Fortunately, a growing number of innovative programs have emerged that successfully target the social fragmentation and isolation that affect so many communities. The approaches involve both teaching youth to “fish” for mentors (i.e., to recruit natural mentors) and “stocking the pond” (i.e., expanding the availability of high-social capital adults in marginalized youth’s lives). The National Guard Youth Challenge Program, an intensive quasi-military program for adolescents who have dropped out of high school, has successfully deployed the youth-initiated mentoring approach. Connected Scholars, an extension of this approach, high school and college students are provided with the strategies and skills to cultivate a network of supportive adults, rather than a single mentoring relationship. Compared to incoming college students who were provided only with information, incoming students who were assigned to a four-session intervention in which they learned how to recruit faculty and staff support had stronger ties with faculty members, higher grade-point averages, and less help-avoidance at the end of their freshman year. Other networking approaches help students choose a non-parental adult to attend skill-building workshops with them or help to connect youth who are aging out of (or at risk of entering) the foster care system. Most recently, researchers have shown that suicidal youth who learned to recruit caring adults had lower levels of mortality nearly fifteen years later than their counterparts who did not.
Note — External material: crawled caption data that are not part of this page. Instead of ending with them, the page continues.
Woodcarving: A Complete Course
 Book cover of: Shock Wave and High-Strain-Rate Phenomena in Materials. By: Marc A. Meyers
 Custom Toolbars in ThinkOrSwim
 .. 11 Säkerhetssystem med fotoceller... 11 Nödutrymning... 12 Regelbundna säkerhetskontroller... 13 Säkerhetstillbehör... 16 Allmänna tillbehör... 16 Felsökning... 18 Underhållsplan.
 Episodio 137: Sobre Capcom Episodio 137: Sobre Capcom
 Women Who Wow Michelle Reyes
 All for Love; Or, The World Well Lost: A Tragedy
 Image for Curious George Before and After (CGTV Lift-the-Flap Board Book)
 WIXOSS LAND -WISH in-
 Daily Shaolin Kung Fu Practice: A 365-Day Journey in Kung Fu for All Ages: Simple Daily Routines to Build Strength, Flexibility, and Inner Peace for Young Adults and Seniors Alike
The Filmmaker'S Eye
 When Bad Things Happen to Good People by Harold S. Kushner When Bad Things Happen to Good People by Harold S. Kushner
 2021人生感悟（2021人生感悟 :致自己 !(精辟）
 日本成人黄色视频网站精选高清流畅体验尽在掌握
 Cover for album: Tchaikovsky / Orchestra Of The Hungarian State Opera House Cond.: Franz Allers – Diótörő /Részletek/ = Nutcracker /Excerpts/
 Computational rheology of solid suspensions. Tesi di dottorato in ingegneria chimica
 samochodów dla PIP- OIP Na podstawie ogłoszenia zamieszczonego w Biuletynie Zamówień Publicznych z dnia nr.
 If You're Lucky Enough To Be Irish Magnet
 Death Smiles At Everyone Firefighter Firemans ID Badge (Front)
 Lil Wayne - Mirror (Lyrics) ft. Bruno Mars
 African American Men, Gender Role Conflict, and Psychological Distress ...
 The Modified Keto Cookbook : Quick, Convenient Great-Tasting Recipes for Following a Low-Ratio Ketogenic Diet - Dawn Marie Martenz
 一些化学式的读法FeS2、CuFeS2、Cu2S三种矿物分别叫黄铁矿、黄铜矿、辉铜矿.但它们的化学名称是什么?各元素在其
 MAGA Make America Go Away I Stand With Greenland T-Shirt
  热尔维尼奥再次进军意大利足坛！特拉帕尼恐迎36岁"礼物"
Of course, the onus for locating and recruiting mentors need not rest solely with youth. Adults in many settings—such as schools, Little League, juvenile courts, neighborhoods, and workplaces—are afforded many opportunities to mentor youth. But, because mentoring is typically seen as a byproduct but not a central mission of many youth services and settings, adults are rarely provided with specific training around building strong relationships. A range of factors, from frequent staff turnover to fears of being accused of acting inappropriately, can further dampen adults’ willingness to build strong intergenerational relationships. Thus, in addition to teaching youth to fish, strategies that cultivate what the report calls a “mentoring mindset” are needed across all settings. Effectively stocking the pond with trained, intentionally supportive adults will be vitally important if we are to reverse the trends highlighted in this valuable report.

Taken together the results argued for a more inclusive model of mentoring—one that expands the focus from formal one-on-one “treatment” approaches to more broadly strengthening networks of supportive intergenerational connections. When finding a natural mentor is left to chance, the odds favor more privileged youth. Such youth grow up in settings with greater access to the kinds of caring adults who can serve as role models that connect them to further educational and career networks and opportunities. Addressing this inequality will require that we ensure that disadvantaged settings develop innovative ways to support youth’s capacity to find and recruit such adults. The field of youth mentoring is ripe for this sort of innovation.